ACTION ITEM – Reproduce the listing below verbatim.

[SUPPLIED MATERIAL Boundary: Start]

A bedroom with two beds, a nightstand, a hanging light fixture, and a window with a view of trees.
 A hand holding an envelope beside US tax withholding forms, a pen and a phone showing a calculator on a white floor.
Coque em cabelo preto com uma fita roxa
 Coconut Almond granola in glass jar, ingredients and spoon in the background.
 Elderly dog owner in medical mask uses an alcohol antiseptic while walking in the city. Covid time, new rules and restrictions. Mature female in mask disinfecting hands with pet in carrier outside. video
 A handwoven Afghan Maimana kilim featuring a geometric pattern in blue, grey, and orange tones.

[SUPPLIED MATERIAL Boundary: End]

SOLUTION TO THE PROBLEM –
A bedroom with two beds, a nightstand, a hanging light fixture, and a window with a view of trees.
 A hand holding an envelope beside US tax withholding forms, a pen and a phone showing a calculator on a white floor.
Coque em cabelo preto com uma fita roxa
 Coconut Almond granola in glass jar, ingredients and spoon in the background.
 Elderly dog owner in medical mask uses an alcohol antiseptic while walking in the city. Covid time, new rules and restrictions. Mature female in mask disinfecting hands with pet in carrier outside. video
 A handwoven Afghan Maimana kilim featuring a geometric pattern in blue, grey, and orange tones.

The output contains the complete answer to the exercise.